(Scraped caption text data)

- Opening Delimiter -

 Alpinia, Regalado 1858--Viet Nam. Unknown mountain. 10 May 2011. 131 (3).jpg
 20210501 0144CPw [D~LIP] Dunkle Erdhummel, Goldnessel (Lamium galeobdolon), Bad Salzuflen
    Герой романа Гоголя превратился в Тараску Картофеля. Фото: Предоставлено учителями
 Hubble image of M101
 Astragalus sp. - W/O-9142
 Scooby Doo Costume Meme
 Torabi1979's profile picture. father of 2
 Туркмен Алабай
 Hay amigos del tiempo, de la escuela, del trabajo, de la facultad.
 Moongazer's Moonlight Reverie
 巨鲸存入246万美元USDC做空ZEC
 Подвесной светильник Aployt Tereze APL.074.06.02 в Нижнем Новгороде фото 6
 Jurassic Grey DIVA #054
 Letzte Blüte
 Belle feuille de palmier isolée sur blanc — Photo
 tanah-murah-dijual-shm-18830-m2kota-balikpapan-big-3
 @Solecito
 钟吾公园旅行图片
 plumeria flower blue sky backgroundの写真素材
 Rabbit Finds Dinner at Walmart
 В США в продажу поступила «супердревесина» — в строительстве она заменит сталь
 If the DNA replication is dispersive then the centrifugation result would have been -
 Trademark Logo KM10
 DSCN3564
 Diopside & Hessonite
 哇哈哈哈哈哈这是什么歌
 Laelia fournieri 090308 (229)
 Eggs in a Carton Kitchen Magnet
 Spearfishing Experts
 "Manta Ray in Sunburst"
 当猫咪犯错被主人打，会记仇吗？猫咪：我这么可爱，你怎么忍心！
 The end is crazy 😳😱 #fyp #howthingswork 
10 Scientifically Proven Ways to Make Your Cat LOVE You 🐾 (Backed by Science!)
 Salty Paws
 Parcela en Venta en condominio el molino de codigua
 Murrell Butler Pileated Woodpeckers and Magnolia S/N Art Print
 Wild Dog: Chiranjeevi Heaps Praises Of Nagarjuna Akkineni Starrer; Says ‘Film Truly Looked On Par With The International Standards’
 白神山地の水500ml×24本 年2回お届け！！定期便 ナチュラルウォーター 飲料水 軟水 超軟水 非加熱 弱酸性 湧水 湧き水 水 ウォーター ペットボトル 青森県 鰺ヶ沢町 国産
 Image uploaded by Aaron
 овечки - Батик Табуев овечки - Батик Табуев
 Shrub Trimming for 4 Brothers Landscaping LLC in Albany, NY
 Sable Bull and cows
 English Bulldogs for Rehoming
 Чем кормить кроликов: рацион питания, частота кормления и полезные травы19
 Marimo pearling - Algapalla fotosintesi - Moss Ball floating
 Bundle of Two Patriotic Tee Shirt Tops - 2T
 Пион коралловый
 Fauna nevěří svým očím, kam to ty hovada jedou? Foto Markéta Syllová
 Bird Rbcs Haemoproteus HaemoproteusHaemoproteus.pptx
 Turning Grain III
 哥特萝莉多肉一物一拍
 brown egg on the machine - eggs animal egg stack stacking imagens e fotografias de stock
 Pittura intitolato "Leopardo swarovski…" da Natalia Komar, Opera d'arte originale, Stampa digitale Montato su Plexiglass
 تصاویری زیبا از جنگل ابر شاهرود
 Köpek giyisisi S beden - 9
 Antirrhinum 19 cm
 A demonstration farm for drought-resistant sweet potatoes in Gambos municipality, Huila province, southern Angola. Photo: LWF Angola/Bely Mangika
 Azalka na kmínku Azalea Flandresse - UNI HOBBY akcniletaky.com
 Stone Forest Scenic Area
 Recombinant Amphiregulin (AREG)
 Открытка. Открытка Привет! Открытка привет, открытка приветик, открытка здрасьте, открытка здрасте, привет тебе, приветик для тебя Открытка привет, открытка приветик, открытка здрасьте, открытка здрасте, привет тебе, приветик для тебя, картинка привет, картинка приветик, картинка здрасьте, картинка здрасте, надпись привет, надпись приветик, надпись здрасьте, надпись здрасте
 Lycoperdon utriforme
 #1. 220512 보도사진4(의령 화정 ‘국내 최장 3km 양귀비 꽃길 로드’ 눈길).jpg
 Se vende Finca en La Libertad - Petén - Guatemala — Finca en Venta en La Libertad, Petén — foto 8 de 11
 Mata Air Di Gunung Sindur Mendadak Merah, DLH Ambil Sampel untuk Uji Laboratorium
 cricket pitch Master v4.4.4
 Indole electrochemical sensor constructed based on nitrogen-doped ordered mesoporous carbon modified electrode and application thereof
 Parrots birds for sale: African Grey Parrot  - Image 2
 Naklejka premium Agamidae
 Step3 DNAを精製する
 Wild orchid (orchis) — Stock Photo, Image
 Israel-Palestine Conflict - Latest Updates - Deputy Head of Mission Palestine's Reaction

- Closing Delimiter -

**WORK ITEM:** Nothing may be left out. Retype all the entries exactly.

**RESPONSE BOX:**
 Alpinia, Regalado 1858--Viet Nam. Unknown mountain. 10 May 2011. 131 (3).jpg
 20210501 0144CPw [D~LIP] Dunkle Erdhummel, Goldnessel (Lamium galeobdolon), Bad Salzuflen
    Герой романа Гоголя превратился в Тараску Картофеля. Фото: Предоставлено учителями
 Hubble image of M101
 Astragalus sp. - W/O-9142
 Scooby Doo Costume Meme
 Torabi1979's profile picture. father of 2
 Туркмен Алабай
 Hay amigos del tiempo, de la escuela, del trabajo, de la facultad.
 Moongazer's Moonlight Reverie
 巨鲸存入246万美元USDC做空ZEC
 Подвесной светильник Aployt Tereze APL.074.06.02 в Нижнем Новгороде фото 6
 Jurassic Grey DIVA #054
 Letzte Blüte
 Belle feuille de palmier isolée sur blanc — Photo
 tanah-murah-dijual-shm-18830-m2kota-balikpapan-big-3
 @Solecito
 钟吾公园旅行图片
 plumeria flower blue sky backgroundの写真素材
 Rabbit Finds Dinner at Walmart
 В США в продажу поступила «супердревесина» — в строительстве она заменит сталь
 If the DNA replication is dispersive then the centrifugation result would have been -
 Trademark Logo KM10
 DSCN3564
 Diopside & Hessonite
 哇哈哈哈哈哈这是什么歌
 Laelia fournieri 090308 (229)
 Eggs in a Carton Kitchen Magnet
 Spearfishing Experts
 "Manta Ray in Sunburst"
 当猫咪犯错被主人打，会记仇吗？猫咪：我这么可爱，你怎么忍心！
 The end is crazy 😳😱 #fyp #howthingswork 
10 Scientifically Proven Ways to Make Your Cat LOVE You 🐾 (Backed by Science!)
 Salty Paws
 Parcela en Venta en condominio el molino de codigua
 Murrell Butler Pileated Woodpeckers and Magnolia S/N Art Print
 Wild Dog: Chiranjeevi Heaps Praises Of Nagarjuna Akkineni Starrer; Says ‘Film Truly Looked On Par With The International Standards’
 白神山地の水500ml×24本 年2回お届け！！定期便 ナチュラルウォーター 飲料水 軟水 超軟水 非加熱 弱酸性 湧水 湧き水 水 ウォーター ペットボトル 青森県 鰺ヶ沢町 国産
 Image uploaded by Aaron
 овечки - Батик Табуев овечки - Батик Табуев
 Shrub Trimming for 4 Brothers Landscaping LLC in Albany, NY
 Sable Bull and cows
 English Bulldogs for Rehoming
 Чем кормить кроликов: рацион питания, частота кормления и полезные травы19
 Marimo pearling - Algapalla fotosintesi - Moss Ball floating
 Bundle of Two Patriotic Tee Shirt Tops - 2T
 Пион коралловый
 Fauna nevěří svým očím, kam to ty hovada jedou? Foto Markéta Syllová
 Bird Rbcs Haemoproteus HaemoproteusHaemoproteus.pptx
 Turning Grain III
 哥特萝莉多肉一物一拍
 brown egg on the machine - eggs animal egg stack stacking imagens e fotografias de stock
 Pittura intitolato "Leopardo swarovski…" da Natalia Komar, Opera d'arte originale, Stampa digitale Montato su Plexiglass
 تصاویری زیبا از جنگل ابر شاهرود
 Köpek giyisisi S beden - 9
 Antirrhinum 19 cm
 A demonstration farm for drought-resistant sweet potatoes in Gambos municipality, Huila province, southern Angola. Photo: LWF Angola/Bely Mangika
 Azalka na kmínku Azalea Flandresse - UNI HOBBY akcniletaky.com
 Stone Forest Scenic Area
 Recombinant Amphiregulin (AREG)
 Открытка. Открытка Привет! Открытка привет, открытка приветик, открытка здрасьте, открытка здрасте, привет тебе, приветик для тебя Открытка привет, открытка приветик, открытка здрасьте, открытка здрасте, привет тебе, приветик для тебя, картинка привет, картинка приветик, картинка здрасьте, картинка здрасте, надпись привет, надпись приветик, надпись здрасьте, надпись здрасте
 Lycoperdon utriforme
 #1. 220512 보도사진4(의령 화정 ‘국내 최장 3km 양귀비 꽃길 로드’ 눈길).jpg
 Se vende Finca en La Libertad - Petén - Guatemala — Finca en Venta en La Libertad, Petén — foto 8 de 11
 Mata Air Di Gunung Sindur Mendadak Merah, DLH Ambil Sampel untuk Uji Laboratorium
 cricket pitch Master v4.4.4
 Indole electrochemical sensor constructed based on nitrogen-doped ordered mesoporous carbon modified electrode and application thereof
 Parrots birds for sale: African Grey Parrot  - Image 2
 Naklejka premium Agamidae
 Step3 DNAを精製する
 Wild orchid (orchis) — Stock Photo, Image
 Israel-Palestine Conflict - Latest Updates - Deputy Head of Mission Palestine's Reaction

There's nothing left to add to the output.